Ousmane Sembene, 1975
The single most powerful sign of the absurdity of Senegalese’s upper class infatuation with the culture of its former oppressor can be a mundane thing like water. A bottle of Evian takes up centre space in the late, great Ousmane Sembene’s 1975 film Xala. The title, translating into curse or impotence from Senegal’s native language of Wolof, is given to a film that explores a country finding its feet in a freshly established independence. Caught between tradition and Westernisation, and making wrong choices in each direction, the new government is incapable of action and so, in the more literal sense of the title, is the films protagonist.
Businessman El Hadji Aboucader Beye (Thierno Leye) is part of a group that overthrows the local colonial authorities taking their place in the chamber of commerce.
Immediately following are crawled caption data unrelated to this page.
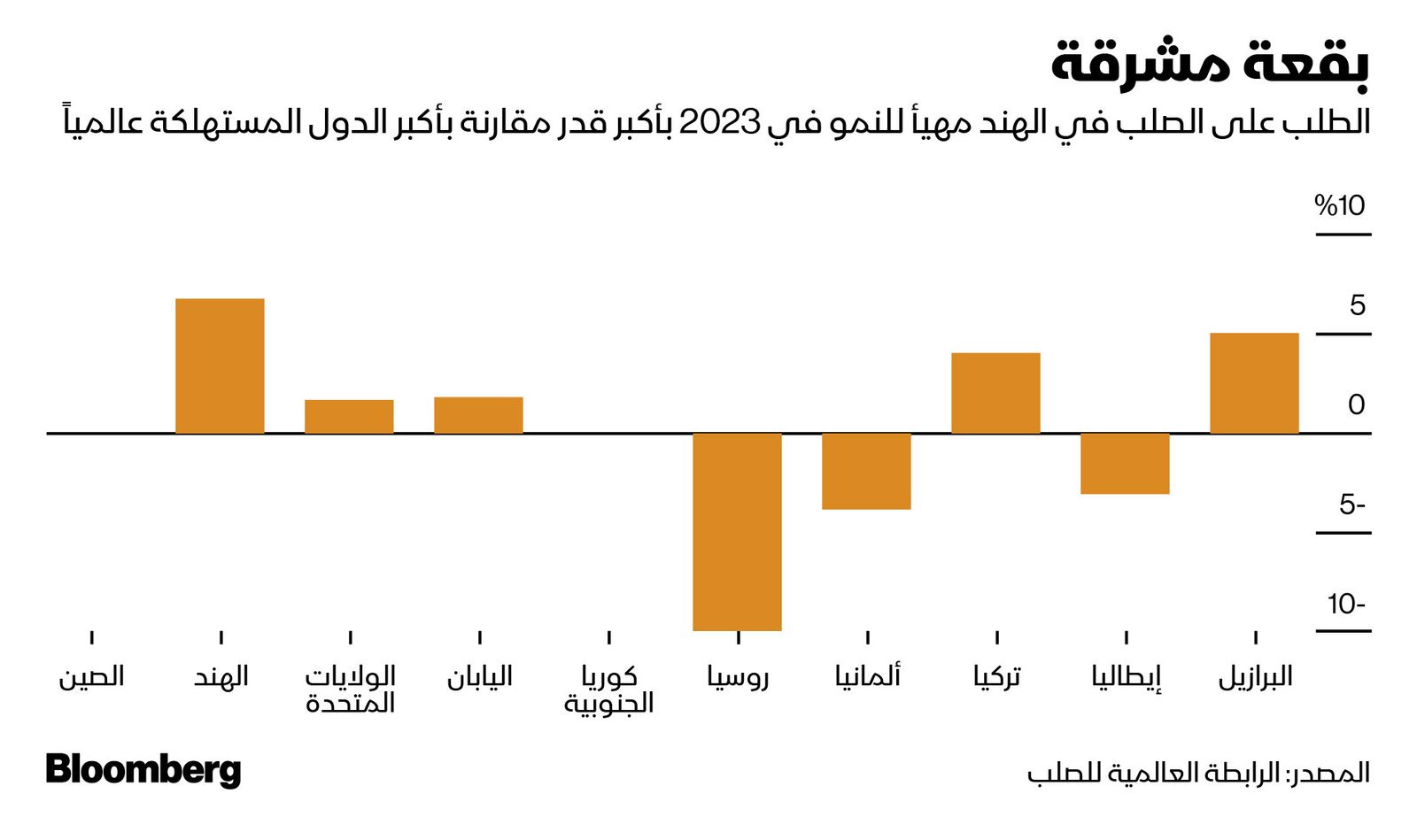 المصدر: بلومبرغ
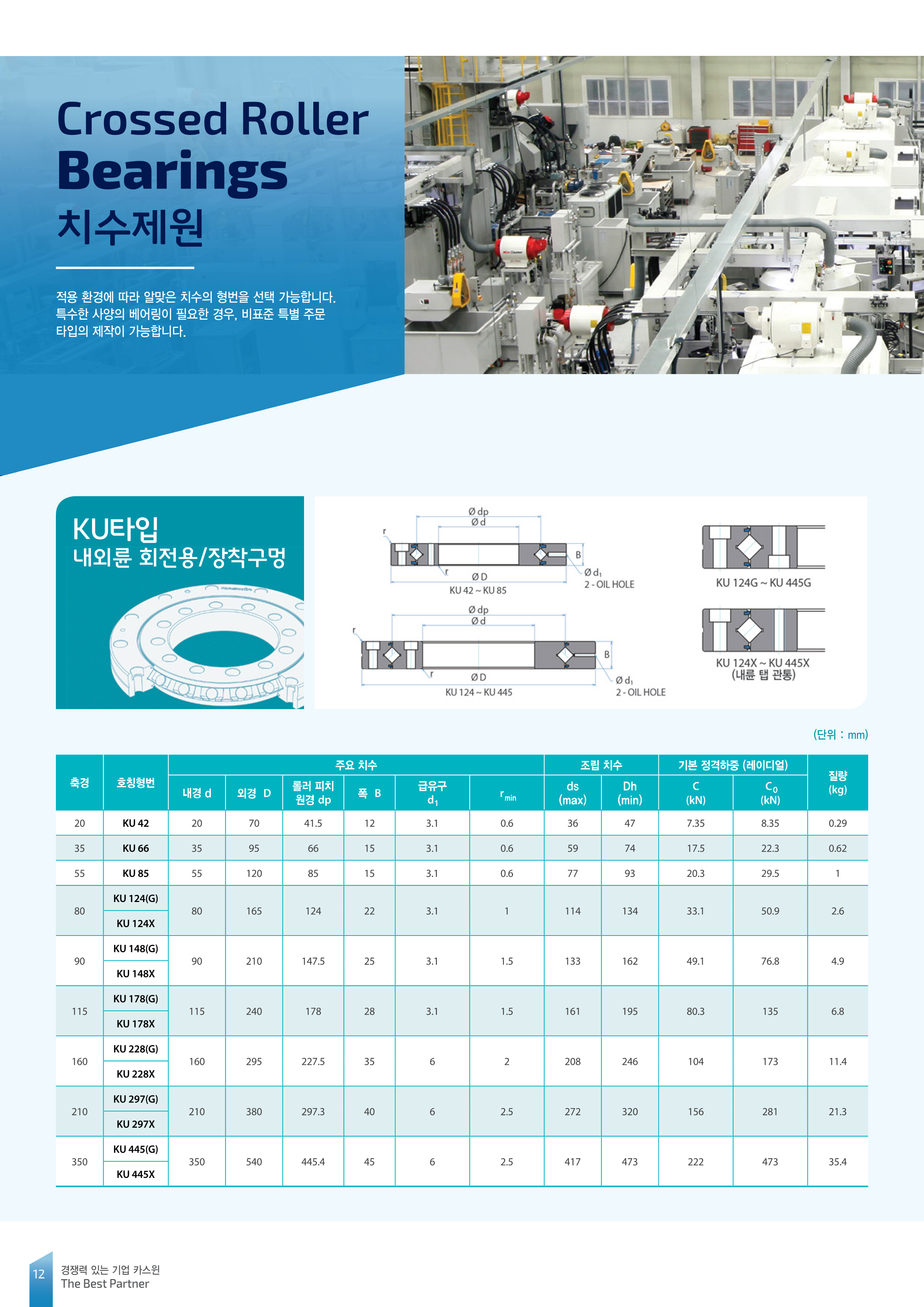 kaswin_CRB_catalogue(2017)_12.png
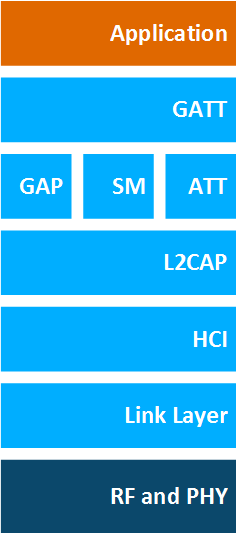 Bluetooth Low Energy Architecture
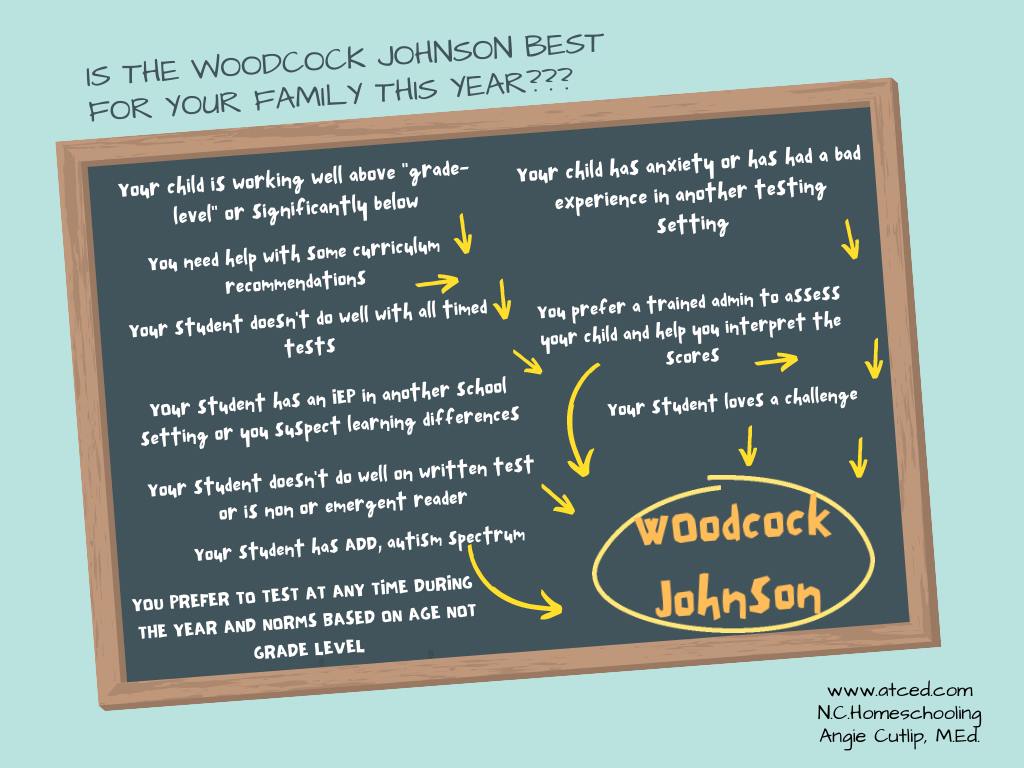 About Woodcock Johnson Testing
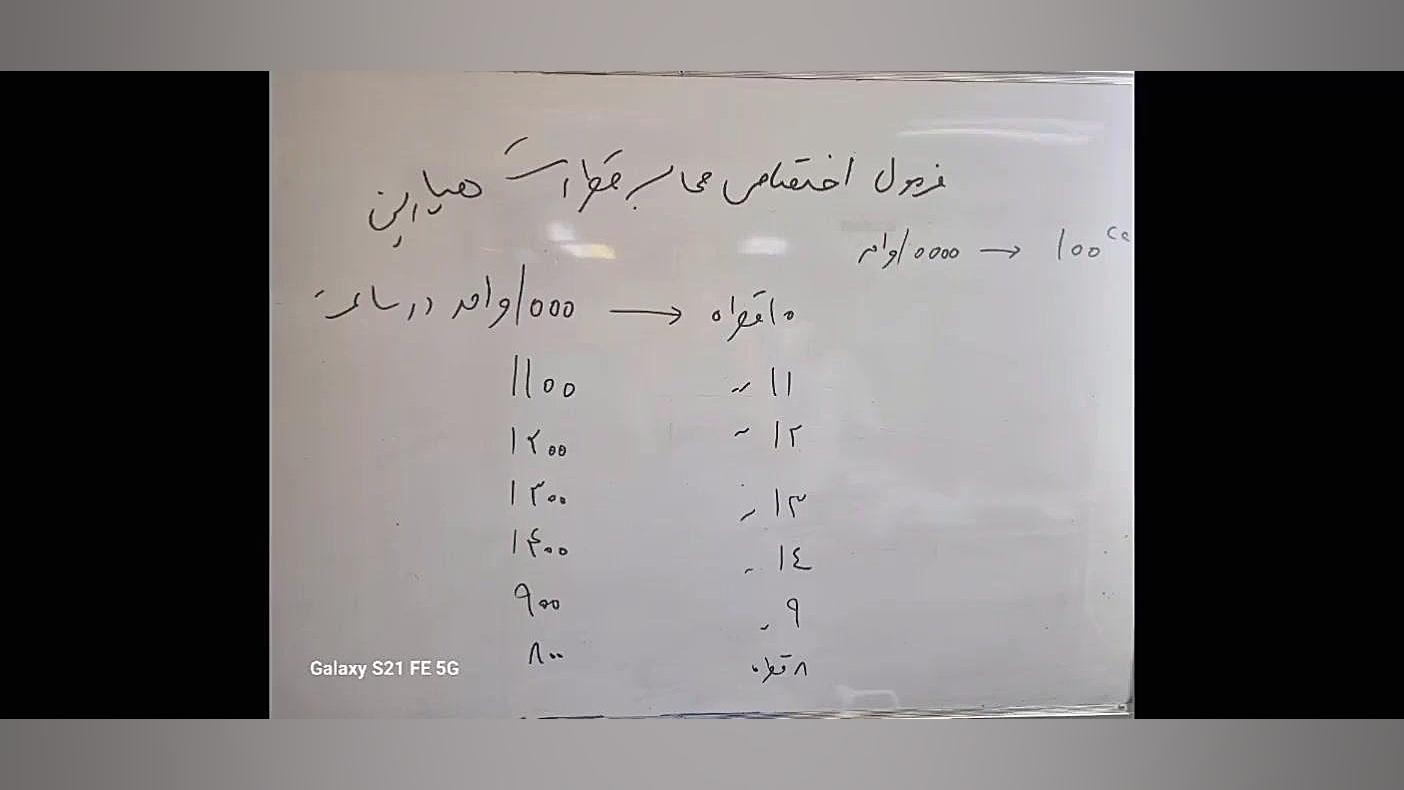 آموزش پرستاری(محاسبه قطرات هپارین ) ترمیم لبخند لثه‌ای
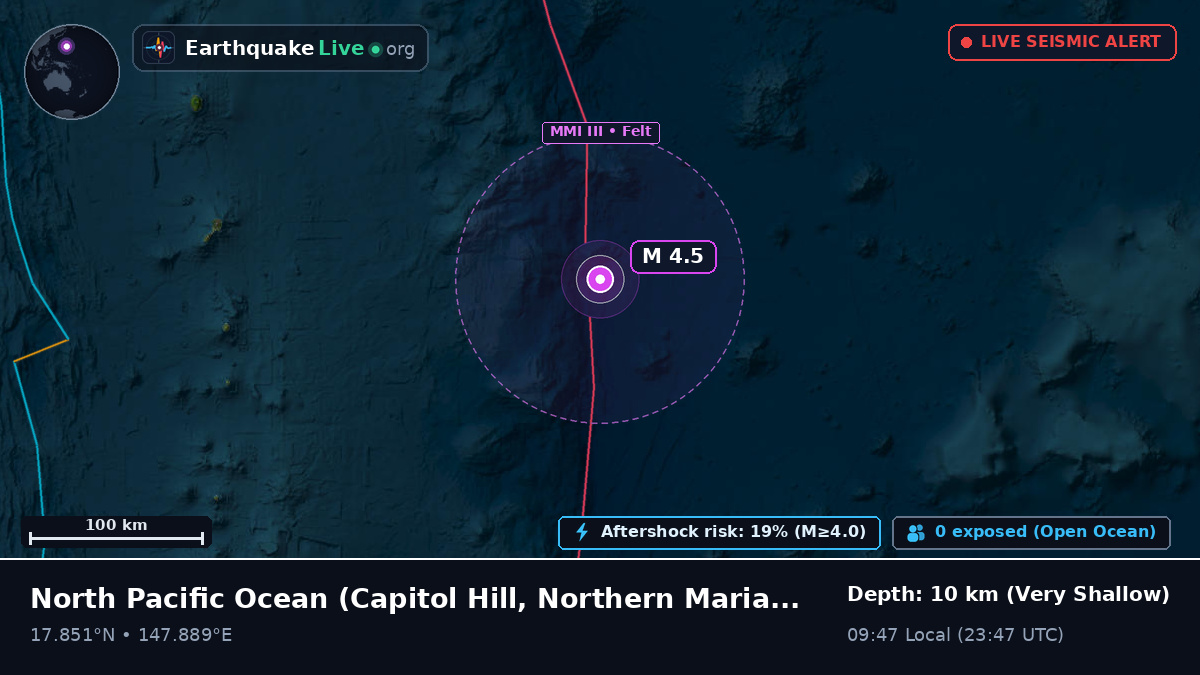 North Pacific Ocean (Northern Mariana Islands)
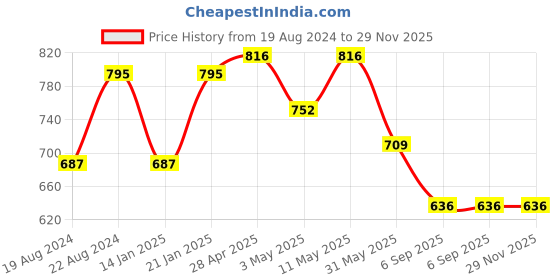 myntra.com KALINI Ethnic Motifs Printed Regular Sleeves Cotton Straight Kurta kalini Price History Graph from 19 Aug 2024 to 28 Nov 2025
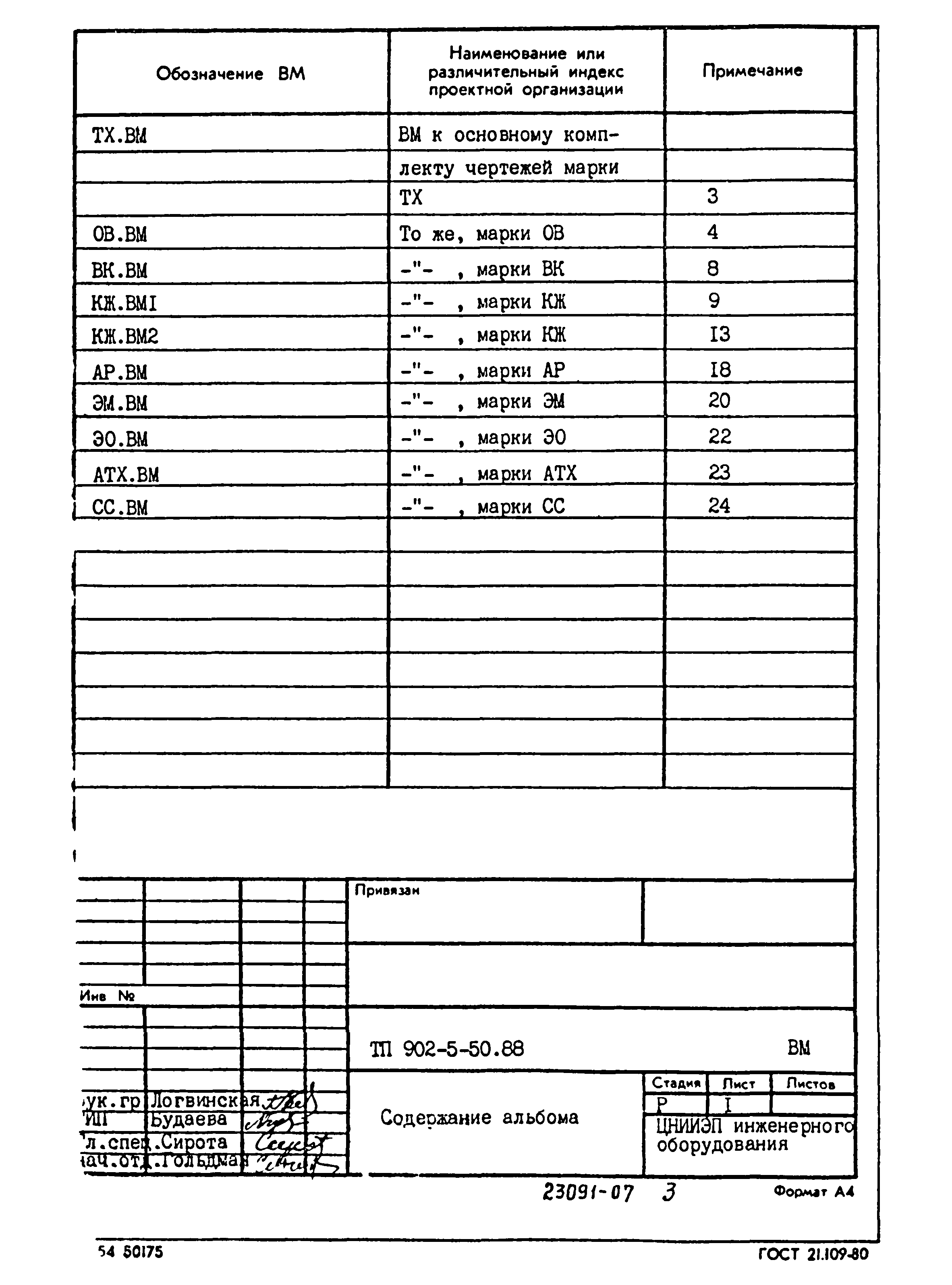 Типовой проект 902-5-50.88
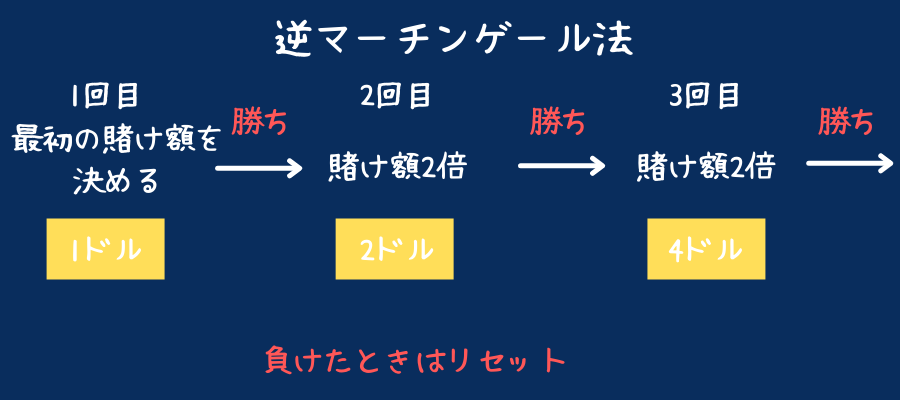 逆マーチンゲール法の説明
African people in traditional brightly coloured togas dance in the busy and buzzing streets, the sounds of drums fill the air, as El Hadji and his colleagues clear out the French official’s offices, celebrating a new beginning. The promise of change is broken all too quickly when in the next scene the togas have changed into Western suits and those wearing one receives a briefcase full of money from their predecessor.
El Hadji wholeheartedly embraces European culture, putting it above his own. He drinks two litres of Evian every day. However when it comes to taking a third wife he reminds his critics that colonialism does not need to make him lose his African traditions. After the wedding he finds himself under the curse of impotence though and wants to find who cast it on him and how to get rid of it. He is exposed within minutes of the film as being a hypocritical upper class achiever and yet we follow him as he becomes more and more frantic in his search for a cure. From doctors to medicine men, everyone is consulted and when El Hadji sits in the dust between mud huts in his expensively tailored suit he is more out of place than ever, more so that the deformed beggars whom he had roughly removed from outside his shop. It is this group of outsiders, roaming the film like a parallel society, which may offer a solution in the end to El Hadji after they raid his fridge leaving only a bottle Evian which is as untouchable to them as they are to the likes of El Hadji. The African beggars’ pride and wisdom is at all times higher than that of El Hadji who even uses the French water to wash his car.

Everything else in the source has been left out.